“Jesús
subió a la montaña a orar (…) luego eligió a sus discípulos (…) expulsó
demonios y curó a la multitud” (Lc
12, 6-19). El Evangelio nos relata que Jesús “subió a la montaña y pasó toda la
noche” en oración. El hecho de “subir a la montaña” tiene un sentido simbólico,
porque significa que el hombre asciende, sube, al encuentro, solitario, con
Dios; además, se trata de un ascenso arduo, difícil, puesto que escalar una
montaña nunca es una tarea fácil, y tampoco lo es la oración en tiempos de
sequedad y aridez, simbolizados en la ascensión. Además de la idea implícita de
sacrificio, el ascenso a la montaña significa también anhelo y deseo de
encuentro a solas con Dios y este encuentro se produce mediante la oración.
El
hecho de que la oración de Jesús se realice en horas de la noche también tiene
un significado simbólico, porque la noche es el momento en el que el hombre
está más desprotegido frente a las acechanzas del espíritu maligno que
aprovecha, de modo artero y traicionero, la situación de reposo fisiológico y la disminución natural del estado de vigilia para atacarlo con
alevosía; entonces Jesús reza de noche para advertirnos que debemos recurrir a la protección divina, único auxilio eficaz contra los arteros ataques del enemigo de las almas; pero Jesús reza de noche para indicarnos que también de noche el alma debe unirse a Dios por la oración, lo mismo que en el estado de vigilia,
puesto que Dios es su Creador, y a Él le pertenecen la noche y el día, el
tiempo y la eternidad, el cuerpo y el alma, el reposo y la vigilia, y el ser humano debe dirigirle, con todo su acto de ser, alabanzas en todo momento, de día y de
noche, despierto y acostado.
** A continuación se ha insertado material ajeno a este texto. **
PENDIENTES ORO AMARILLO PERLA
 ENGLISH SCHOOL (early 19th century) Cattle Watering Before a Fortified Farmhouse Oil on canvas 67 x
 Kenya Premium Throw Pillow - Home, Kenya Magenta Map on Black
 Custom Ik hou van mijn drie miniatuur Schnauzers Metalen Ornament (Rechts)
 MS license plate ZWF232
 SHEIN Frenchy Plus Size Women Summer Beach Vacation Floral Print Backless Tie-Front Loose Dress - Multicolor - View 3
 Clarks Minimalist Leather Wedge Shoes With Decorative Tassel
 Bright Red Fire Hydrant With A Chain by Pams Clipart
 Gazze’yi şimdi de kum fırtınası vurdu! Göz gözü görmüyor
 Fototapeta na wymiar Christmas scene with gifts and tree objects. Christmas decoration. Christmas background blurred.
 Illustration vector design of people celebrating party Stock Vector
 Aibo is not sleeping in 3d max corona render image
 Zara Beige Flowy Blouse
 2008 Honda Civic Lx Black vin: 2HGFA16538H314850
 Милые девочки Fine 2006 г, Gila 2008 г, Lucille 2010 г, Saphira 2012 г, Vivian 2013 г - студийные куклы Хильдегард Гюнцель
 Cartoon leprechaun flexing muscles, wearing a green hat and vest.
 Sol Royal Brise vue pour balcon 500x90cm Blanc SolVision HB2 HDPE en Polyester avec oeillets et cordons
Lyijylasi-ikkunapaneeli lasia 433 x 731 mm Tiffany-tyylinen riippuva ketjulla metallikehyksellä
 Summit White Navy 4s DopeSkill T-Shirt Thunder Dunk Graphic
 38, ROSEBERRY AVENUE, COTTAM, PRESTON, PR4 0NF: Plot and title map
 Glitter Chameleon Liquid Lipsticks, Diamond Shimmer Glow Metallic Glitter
Al rezar de noche –“toda la noche”, dice el
Evangelio-, Jesús nos enseña que el alma debe alabar y adorar a Dios, su
Creador, Redentor y Santificador, tanto de día como de noche, tanto en el
reposo como en la vigilia, y que esta alabanza debe ser continua, perpetua,
eterna, sine die, sin tiempo, todo el
tiempo. En este sentido, la Adoración Eucarística Nocturna y las oraciones
nocturnas de los monjes conventuales, son ejemplos vivientes de la alabanza que
la Iglesia tributa a Dios Uno y Trino, de día y de noche, sin cesar, y que lo
hará hasta el fin de los tiempos.
Pero
además, la oración de Jesús significa otra cosa: que la oración -es decir, la
unión con Dios por medio de la oración-, por medio de la cual obtiene el hombre
de Dios todo lo que de Dios necesita –luz, amor, sabiduría, gracia, vida,
fortaleza, templanza, paz, prudencia, consejo-, debe preceder, necesariamente a
la acción, a toda acción del hombre, y con mucha mayor razón, si esta acción es
una acción apostólica o, si se quiere, misionera. En otras palabras, no puede
haber ninguna actividad apostólica o misionera de la Iglesia, que no esté
precedida por la oración; de lo contrario, se cae en un activismo, que no es
otra cosa que una pura acción humana, que no conduce a Dios, ni proviene de
Dios; es decir, es una actividad o activismo no guiado por el Espíritu Santo, y por lo tanto, es necesario pedir el don de la oración, para que nuestra actividad apostólica y misionera esté siempre guiada por el Espíritu Santo y no por nuestro propio “yo”.
“Jesús
subió a la montaña a orar…”. Por último, el momento más importante de oración en el cristiano, es la comunión eucarística, porque en ella se cumple la oración de la montaña: en ella, el alma asciende a lo más alto a lo que puede aspirar la creatura, porque al unirse al Cuerpo Sacramentado de Cristo, el Espíritu Santo la une al Padre; en la comunión eucarística, el alma está sola, en su relación con Dios Uno y Trino; y puesto que la comunión eucarística es el fruto del sacrificio de la cruz de Cristo, y como los méritos de este sacrificio se aplican al cristiano que comulga en gracia, lo que se pide en esta oración se obtiene, porque Dios Trino lo escucha como pedido por el mismo Jesús en Persona. Los cristianos deben, por lo tanto, aprovechar la comunión eucarística, como el momento sublime de máxima oración.